Semacgus sourit à ce « nous » de majesté, qui réunissait le lieutenant de police et son fidèle adjoint.
— Secundo ?
— Secundo, l’architecte chargé de l’ordonnancement des décorations s’est dispensé d’aplanir un terrain encore à peine surgi des chantiers. Il demeure çà et là des tranchées qui nous inquiètent fort, comme autant de pièges tendus sous les pieds de la foule. Tertio, rien n’a été prévu pour l’accès des invités de marque, ambassadeurs, échevins et autorités de la Ville. Comment franchiront-ils cette marée humaine ? Enfin, le prévôt a refusé d’accorder, comme la coutume le veut, une gratification générale de mille écus au régiment des gardes françaises.

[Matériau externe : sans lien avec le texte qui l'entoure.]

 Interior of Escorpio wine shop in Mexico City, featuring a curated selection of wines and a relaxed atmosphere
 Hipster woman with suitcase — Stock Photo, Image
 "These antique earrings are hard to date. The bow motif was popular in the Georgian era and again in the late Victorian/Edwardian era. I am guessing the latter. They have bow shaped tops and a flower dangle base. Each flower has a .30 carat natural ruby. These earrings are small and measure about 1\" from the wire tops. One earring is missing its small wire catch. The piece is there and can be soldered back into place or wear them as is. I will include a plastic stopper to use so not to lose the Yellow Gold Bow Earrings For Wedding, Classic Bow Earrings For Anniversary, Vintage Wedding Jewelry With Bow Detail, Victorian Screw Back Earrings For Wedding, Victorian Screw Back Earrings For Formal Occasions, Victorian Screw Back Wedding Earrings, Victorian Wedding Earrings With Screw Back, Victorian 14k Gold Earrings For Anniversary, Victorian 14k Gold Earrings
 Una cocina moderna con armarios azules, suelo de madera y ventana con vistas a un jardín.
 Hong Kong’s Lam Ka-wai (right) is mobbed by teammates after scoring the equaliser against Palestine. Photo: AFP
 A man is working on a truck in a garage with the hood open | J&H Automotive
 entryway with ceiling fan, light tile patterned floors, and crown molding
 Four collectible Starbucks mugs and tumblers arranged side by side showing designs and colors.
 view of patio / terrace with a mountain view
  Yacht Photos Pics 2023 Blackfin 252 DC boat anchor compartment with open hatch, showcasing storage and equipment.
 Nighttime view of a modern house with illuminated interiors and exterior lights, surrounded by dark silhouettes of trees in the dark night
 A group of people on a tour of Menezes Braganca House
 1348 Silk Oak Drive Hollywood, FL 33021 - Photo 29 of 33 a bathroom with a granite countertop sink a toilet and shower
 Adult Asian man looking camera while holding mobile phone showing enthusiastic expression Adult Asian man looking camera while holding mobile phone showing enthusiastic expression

Ainsi seules des compagnies de gardes de la Ville, dont tout le souci, ces derniers jours, consistait à faire admirer leurs rutilantes tenues offertes par la municipalité pour l’occasion, devraient tenir la rue.
— Allons, ne vous mettez pas martel en tête. Le pire n’est pas le plus probable et le peuple finira cette soirée en réjouissances autour des victuailles et du vin offerts par le prévôt.
— Hélas, le bât blesse ici également ! Selon mes informateurs, la Ville, qui a voulu présenter un feu d’artifice plus somptueux que celui du roi à Versailles, aurait préféré lésiner sur le régalement pour finalement le supprimer.
— Supprimer le festoiement du peuple ! Quelle bêtise !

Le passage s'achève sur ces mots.